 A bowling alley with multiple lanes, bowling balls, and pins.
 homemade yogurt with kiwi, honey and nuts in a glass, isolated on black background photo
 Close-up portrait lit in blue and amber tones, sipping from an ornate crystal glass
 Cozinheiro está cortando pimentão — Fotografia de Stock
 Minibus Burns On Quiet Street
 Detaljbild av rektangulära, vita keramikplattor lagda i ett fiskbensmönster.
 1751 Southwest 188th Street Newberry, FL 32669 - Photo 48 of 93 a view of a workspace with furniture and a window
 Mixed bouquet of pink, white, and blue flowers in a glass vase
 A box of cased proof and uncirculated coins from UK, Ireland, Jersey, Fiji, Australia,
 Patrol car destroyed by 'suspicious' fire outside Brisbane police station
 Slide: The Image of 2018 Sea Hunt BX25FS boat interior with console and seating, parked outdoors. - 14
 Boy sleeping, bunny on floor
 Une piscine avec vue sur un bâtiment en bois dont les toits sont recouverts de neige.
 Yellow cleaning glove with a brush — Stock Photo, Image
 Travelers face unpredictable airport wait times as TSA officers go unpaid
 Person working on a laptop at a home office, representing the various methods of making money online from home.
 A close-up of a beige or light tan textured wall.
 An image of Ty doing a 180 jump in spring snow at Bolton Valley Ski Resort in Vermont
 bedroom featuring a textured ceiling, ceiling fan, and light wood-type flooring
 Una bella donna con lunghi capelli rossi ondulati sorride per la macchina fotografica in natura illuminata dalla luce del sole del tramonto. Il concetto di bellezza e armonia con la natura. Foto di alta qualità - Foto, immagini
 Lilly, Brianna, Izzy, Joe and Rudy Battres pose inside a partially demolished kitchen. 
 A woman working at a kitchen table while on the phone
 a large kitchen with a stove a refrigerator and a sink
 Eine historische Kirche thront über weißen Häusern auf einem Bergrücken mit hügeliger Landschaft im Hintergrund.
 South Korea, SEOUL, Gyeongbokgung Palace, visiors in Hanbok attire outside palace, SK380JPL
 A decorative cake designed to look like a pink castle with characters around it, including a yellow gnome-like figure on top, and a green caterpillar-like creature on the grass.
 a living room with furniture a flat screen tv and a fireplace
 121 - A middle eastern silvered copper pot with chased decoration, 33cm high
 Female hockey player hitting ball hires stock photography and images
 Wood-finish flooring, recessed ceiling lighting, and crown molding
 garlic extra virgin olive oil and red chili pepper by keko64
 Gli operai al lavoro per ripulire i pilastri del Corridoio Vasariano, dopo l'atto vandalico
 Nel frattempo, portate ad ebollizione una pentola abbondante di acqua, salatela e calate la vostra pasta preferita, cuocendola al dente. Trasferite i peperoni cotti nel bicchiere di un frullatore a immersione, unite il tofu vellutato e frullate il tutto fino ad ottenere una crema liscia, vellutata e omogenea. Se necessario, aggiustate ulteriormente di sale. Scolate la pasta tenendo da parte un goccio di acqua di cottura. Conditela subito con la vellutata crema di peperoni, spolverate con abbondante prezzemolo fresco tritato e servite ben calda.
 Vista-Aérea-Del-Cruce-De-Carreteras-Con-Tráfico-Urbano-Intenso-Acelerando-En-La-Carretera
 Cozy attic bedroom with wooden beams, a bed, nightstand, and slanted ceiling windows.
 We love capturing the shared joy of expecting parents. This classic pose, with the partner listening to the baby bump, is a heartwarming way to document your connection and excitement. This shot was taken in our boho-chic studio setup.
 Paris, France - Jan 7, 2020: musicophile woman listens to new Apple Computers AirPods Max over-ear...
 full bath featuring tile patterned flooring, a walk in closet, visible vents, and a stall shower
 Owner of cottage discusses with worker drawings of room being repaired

**Directions for this task**. Write out the listing's lines exactly, from its first line through the line that contains "Mixed bouquet of", and stop there.

**Answer for the task**.
 A bowling alley with multiple lanes, bowling balls, and pins.
 homemade yogurt with kiwi, honey and nuts in a glass, isolated on black background photo
 Close-up portrait lit in blue and amber tones, sipping from an ornate crystal glass
 Cozinheiro está cortando pimentão — Fotografia de Stock
 Minibus Burns On Quiet Street
 Detaljbild av rektangulära, vita keramikplattor lagda i ett fiskbensmönster.
 1751 Southwest 188th Street Newberry, FL 32669 - Photo 48 of 93 a view of a workspace with furniture and a window
 Mixed bouquet of pink, white, and blue flowers in a glass vase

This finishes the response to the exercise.